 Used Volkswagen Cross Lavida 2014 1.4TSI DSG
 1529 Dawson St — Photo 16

==

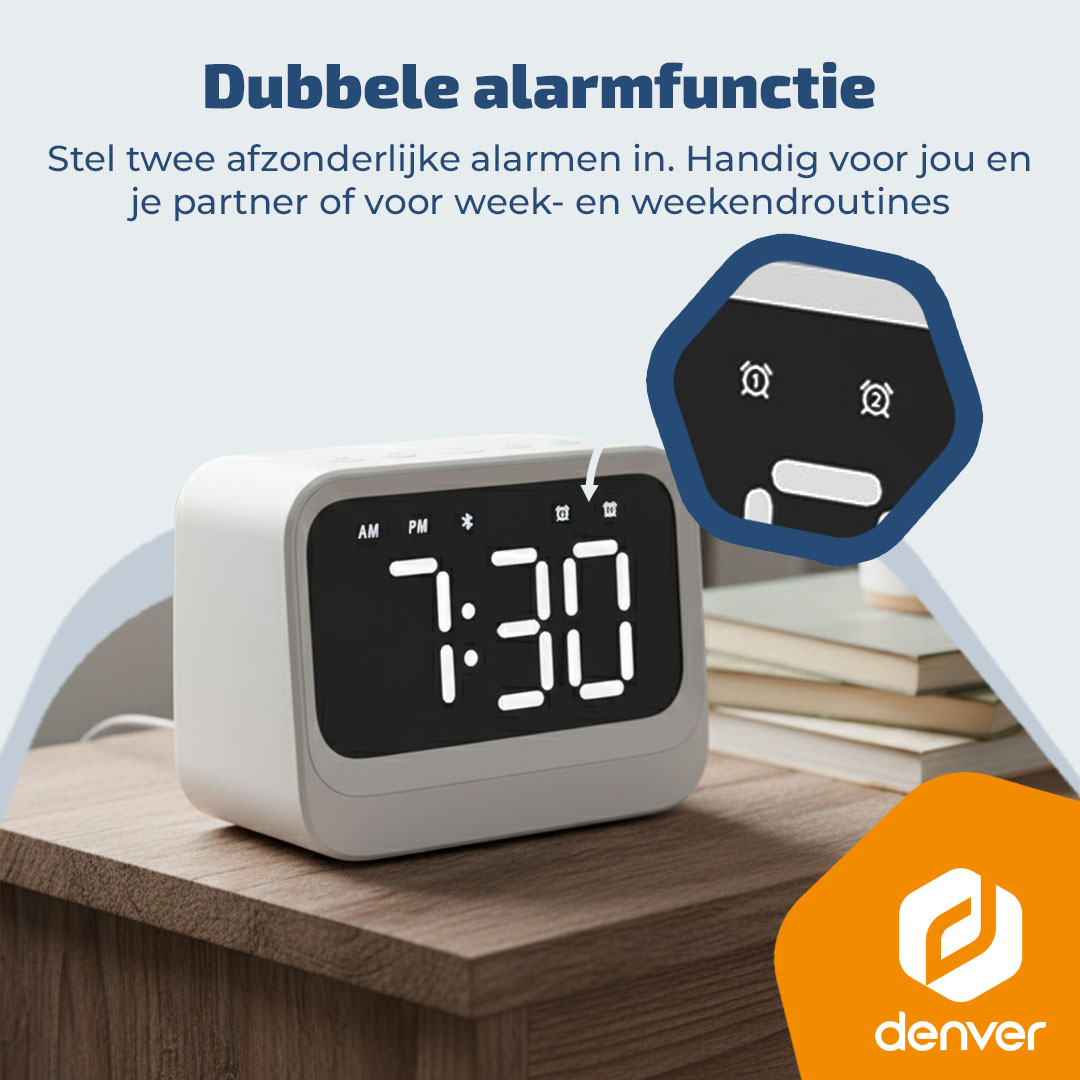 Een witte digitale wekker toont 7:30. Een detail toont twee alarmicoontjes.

...

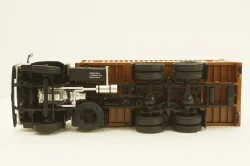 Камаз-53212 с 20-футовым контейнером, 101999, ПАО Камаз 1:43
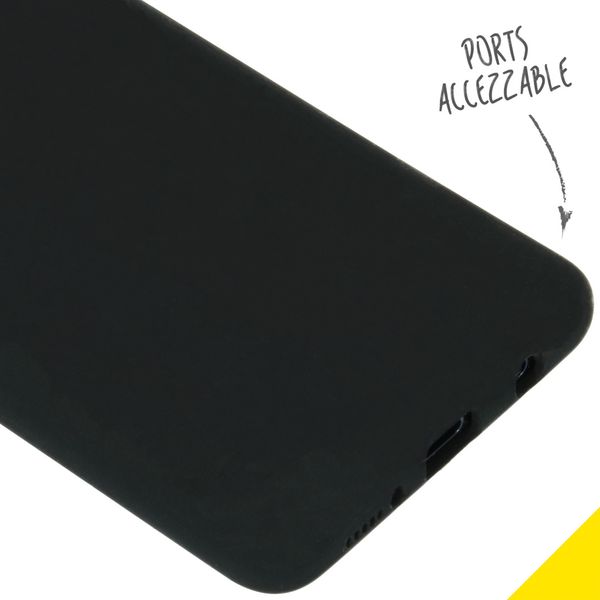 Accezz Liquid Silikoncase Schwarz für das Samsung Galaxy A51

Exercise description:
From the line containing "Used Volkswagen Cross Lavida 2014 1.4TSI DSG" down to the line containing "1529 Dawson St — Photo 16" in the material above, reproduce every line exactly, including the two end lines.

Solution to the problem:
 Used Volkswagen Cross Lavida 2014 1.4TSI DSG
 1529 Dawson St — Photo 16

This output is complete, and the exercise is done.